La primera experiencia de Rusia en participar en misiones de mantenimiento de la paz tuvo lugar durante la guerra en Croacia a principios de los años 90. El deseo de los croatas de separarse de Yugoslavia fue rechazado por los serbios locales, que anunciaron el establecimiento de su propio estado no reconocido, la República de la Krajina Serbia.

Una fuerza de mantenimiento de la paz de las Naciones Unidas, que incluía 900 soldados rusos, debía proporcionar protección a la población local hasta que las partes llegaran a un acuerdo. Sin embargo, en 1995, el ejército y la policía croatas ocuparon por la fuerza el territorio de la autoproclamada república, lo que hizo inútil la presencia de las fuerzas de mantenimiento de la paz.

Abjasia y Osetia del Sur (1994-2008)

Dos regiones autónomas de Georgia -Abjasia y Osetia del Sur- hicieron sus primeros intentos por ser independientes a finales de la década de 1980. Tras el colapso de la URSS, hubo un enfrentamiento armado abierto con el ejército georgiano. Después de que las partes lograron acordar un alto el fuego en 1992 y 1993, se desplegaron fuerzas rusas de mantenimiento de la paz en las zonas de conflicto.
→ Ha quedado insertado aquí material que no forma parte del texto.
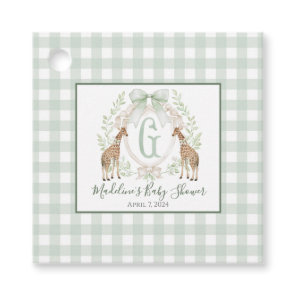 Giraffe Sage Gingham Favor Tags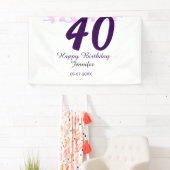 Banderoles anniversaire 40 ans ajouter nom date année épingle (En situation)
En agosto de 2008, el ejército georgiano atacó la capital de Osetia del Sur, Tskhinvali, lo que provocó la muerte de 15 efectivos de las tropas de paz. Entonces Rusia desplegó el 58º Ejército en la región y se inició la denominada “guerra de los cinco días” entre Georgia y Rusia, en la que Abjasia tomó partido por Rusia.

Como resultado de las hostilidades, los territorios de Osetia del Sur y Abjasia fueron completamente despejados de tropas georgianas. A finales de agosto, los parlamentos de las dos repúblicas pidieron oficialmente a Rusia que reconociera su independencia, lo que Rusia hizo. En octubre del mismo año, las fuerzas de mantenimiento de la paz rusas fueron retiradas de las dos regiones y sustituidas por guardias fronterizos y unidades del ejército regular ruso.

Transnistria (1992 - presente)

Cuando Moldavia se independizó en 1991, no todos acogieron con agrado este acontecimiento. Situada en la parte oriental del país y poblada principalmente por personas de habla rusa, la llamada República Moldava Pridnestroviana se opuso firmemente a una ruptura política con la URSS. Sus residentes tampoco estaban contentos con la decisión de cambiar el idioma moldavo al alfabeto latino y no deseaban el acercamiento a Rumania.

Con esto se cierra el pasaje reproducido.